(WHAT YOU NEED TO DO) Give back every line of the material below exactly, but no images.
++++++++
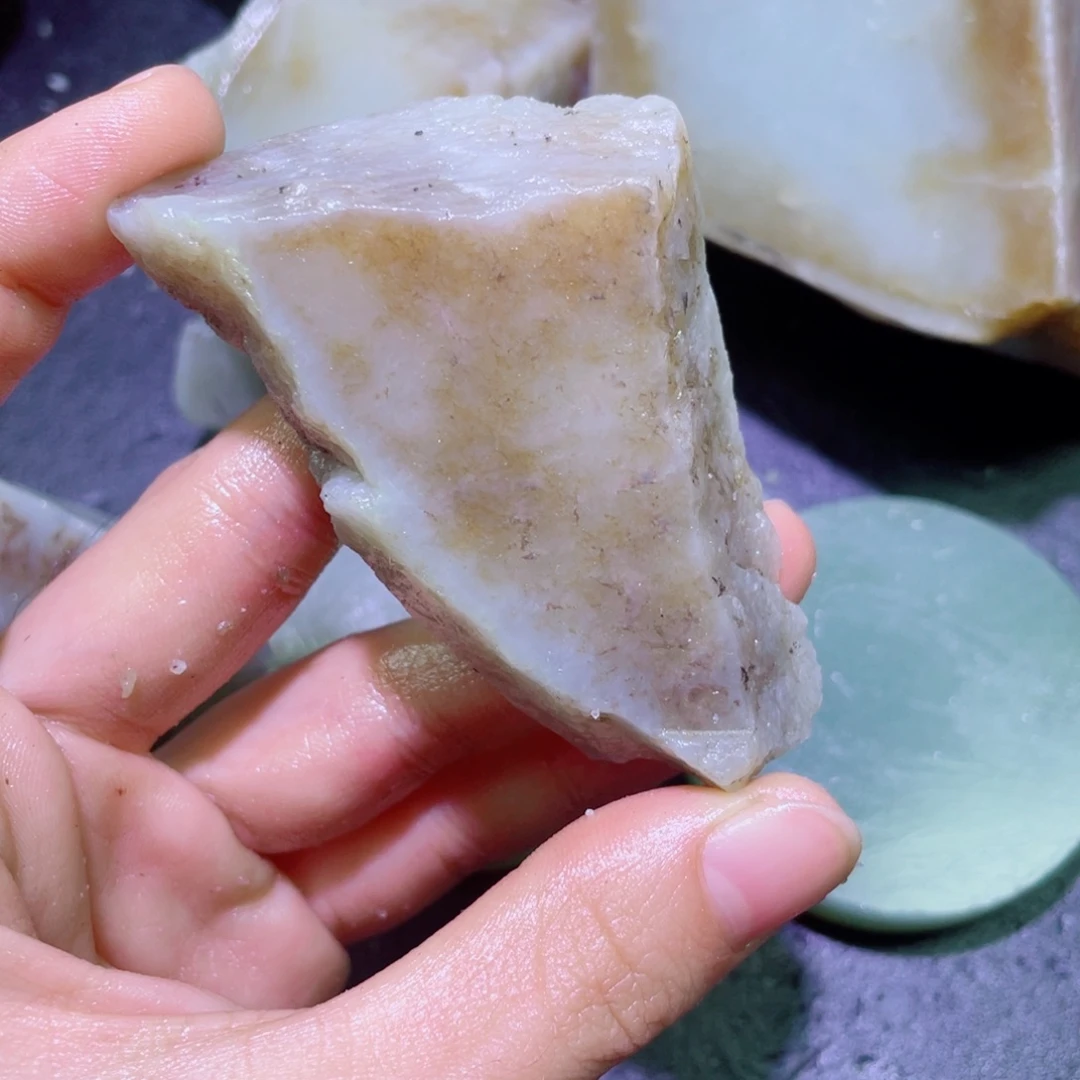 和田玉未镶嵌珠宝半成品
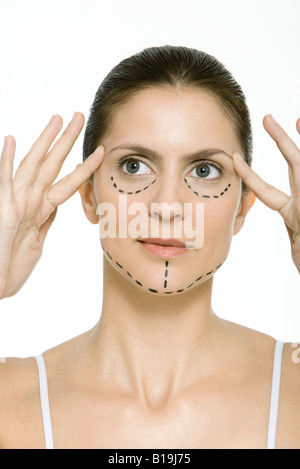 Woman face, holding des temples, à l'écart Banque D'Images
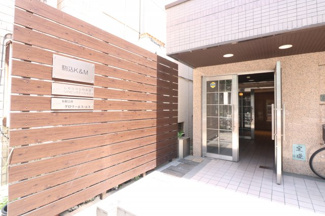 【エントランス】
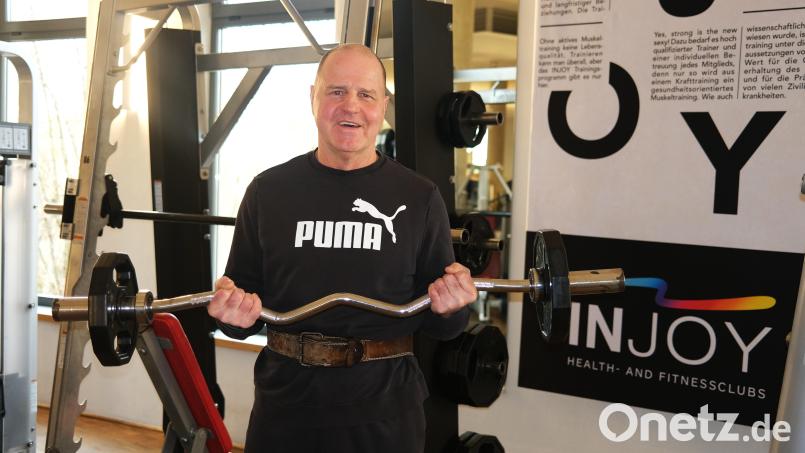 Der 62-jährige ehemalige deutsche Boxmeister Uwe Binner hält sich mit Kraft- und Lauftraining fit. Bild: Hirsch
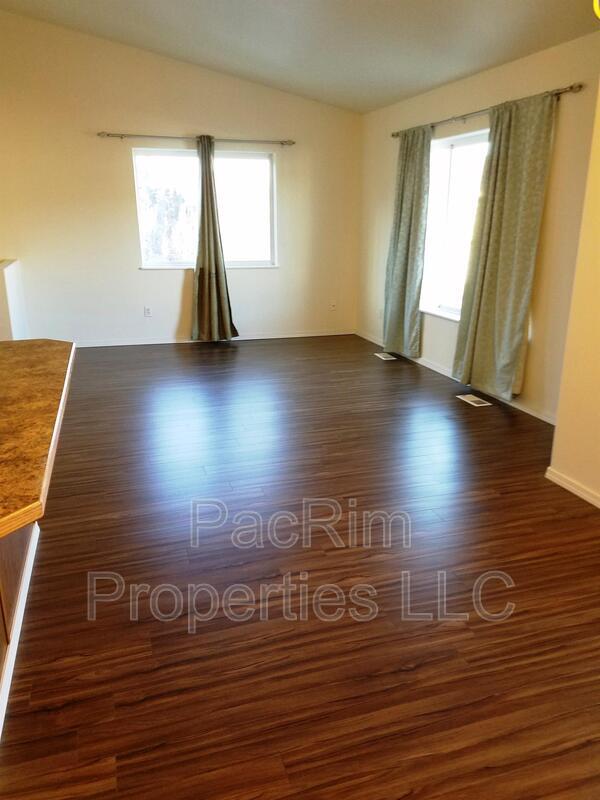 13667 Fire Creek Trail Dr in Anchorage, AK - Building Photo - Building Photo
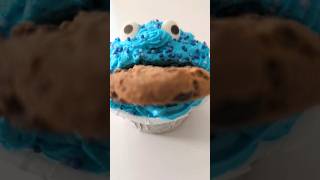 🧁Cookie Monster cupcake baking stopmotion [upl. by Lucie718]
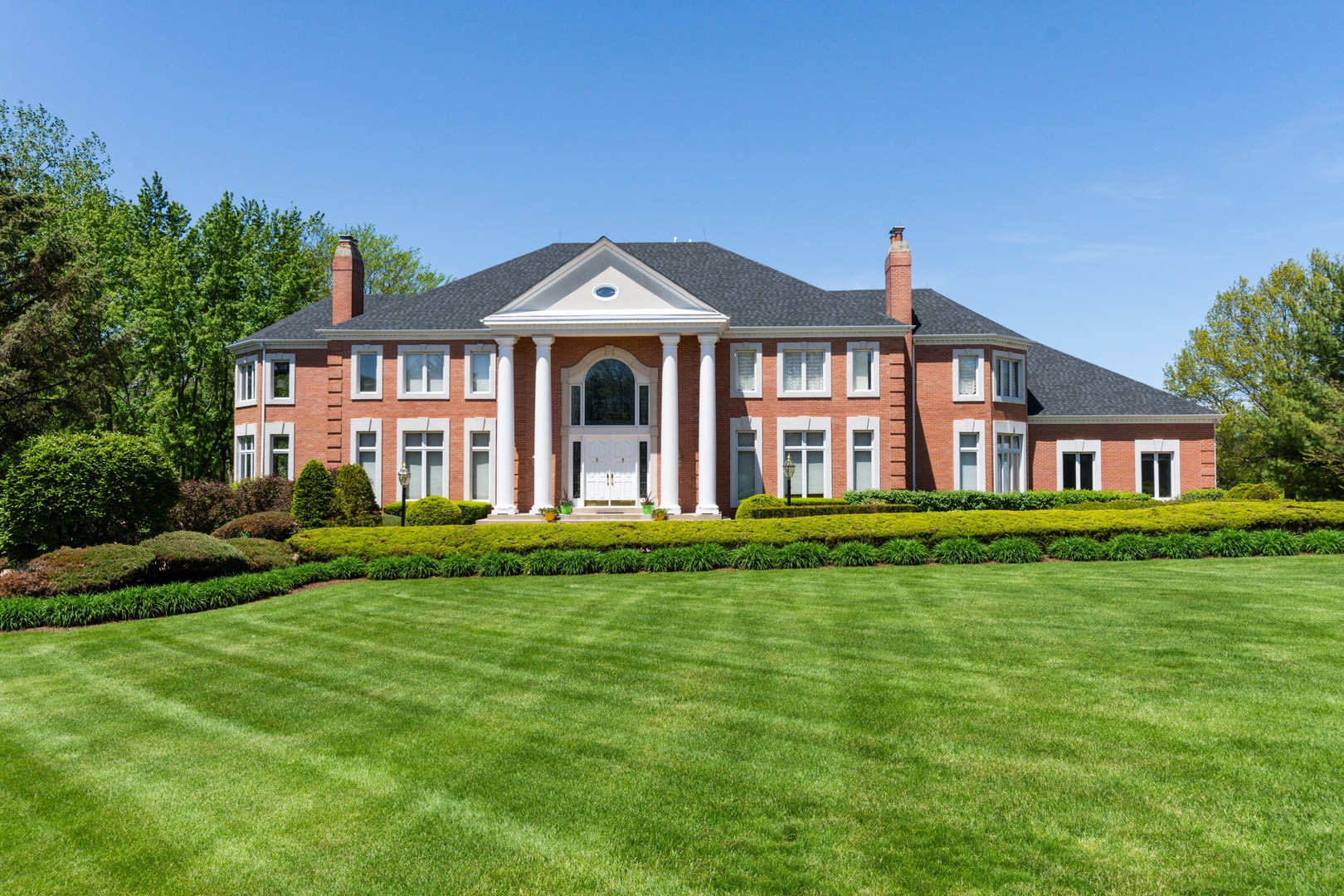 Luxury Homes for sale in South Barrington, Illinois | South Barrington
++++++++
(TASK RESPONSE)
 和田玉未镶嵌珠宝半成品
 Woman face, holding des temples, à l'écart Banque D'Images
 【エントランス】
 Der 62-jährige ehemalige deutsche Boxmeister Uwe Binner hält sich mit Kraft- und Lauftraining fit. Bild: Hirsch
 13667 Fire Creek Trail Dr in Anchorage, AK - Building Photo - Building Photo
 🧁Cookie Monster cupcake baking stopmotion [upl. by Lucie718]
 Luxury Homes for sale in South Barrington, Illinois | South Barrington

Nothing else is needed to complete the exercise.